The fact that Haskell has a tooling problem is not a rumour, nor is it
a fringe belief of disgruntled developers. In an effort to collect the
data necessary to identifying the bottlenecks in the growth of the
community, FP Complete conducted a wide survey of
the entire community on behalf of the Commercial Haskell SIG. The
results are in and the 1,200+ respondents are unequivocal: package
management with cabal-install
is the single worst aspect of using
Haskell. Week after week, Reddit and mailing list posts pop up
regarding basic package installation problems using cabal-install
.
Clearly there is a problem, no matter whether seasoned users
understand their tools well, know how to use it exactly right and how
to back out gracefully from tricky situations. For every battle
hardened power user, there are 10 enthusiasts willing to give the
language a try, if only simple things were simple.

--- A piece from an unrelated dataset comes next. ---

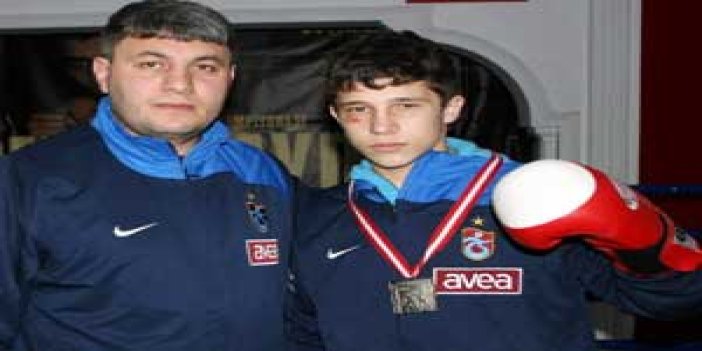 Trabzonlu boksörün azmi!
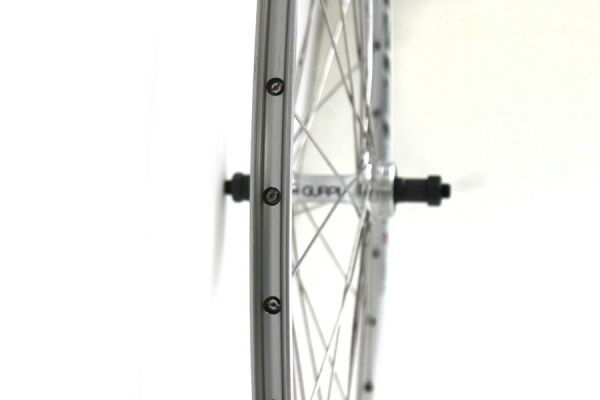 Gurpil Chrina 700c Achterwiel Schroefdraad op freewheel Snelspanner - Zilver Polished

Of a package building and management tool, users expect, out-of-the-box (that means, by default!):
- that the tool facilitates combining sets of packages to build new applications, not fail without pointing to the solution, just because packages advertize conservative bounds on their dependencies;
- that the tool ensures that success today is success tomorrow: instructions that worked for a tutorial writer should continue to work for all her/his readers, now and in the future;
- that invoking the tool to install one package doesn’t compromise the success of invoking the tool for installing another package;
- that much like make, the UI not require the user to remember what previous commands (s)he did or did not run (dependent actions should be run automatically and predictably).
In fact these are the very same desirable properties that Johan Tibell identified in 2012 and which the data supports today. If our tooling does not support them, this is a problem.
Stack is an attempt to fix this problem - oddly enough, by building in
at its core much of the same principles that underlie how power users
utilize cabal-install
successfully. The key to stack’s success is to
start from common workflows, choosing the right defaults to support
them, and making those defaults simple.
The design
One of the fundamental problems that users have with package management systems is that building and installing a package today might not work tomorrow. Building and installing on my system might not work on your system. Despite typing exactly the same commands. Despite using the exact same package metadata. Despite using the exact same version of the source code. The fundamental problem is: lack of reproducibility. Stack strives hard to make the results of every single command reproducible, because that is the right default. Said another way, stack applies to package management the same old recipe that made the success of functional programming: manage complexity by making the output of all actions proper functions of their inputs. State explicitly what your inputs are. Gain the confidence that the outputs that you see today are the outputs that you see tomorrow. Reproducibility is the key to understandability.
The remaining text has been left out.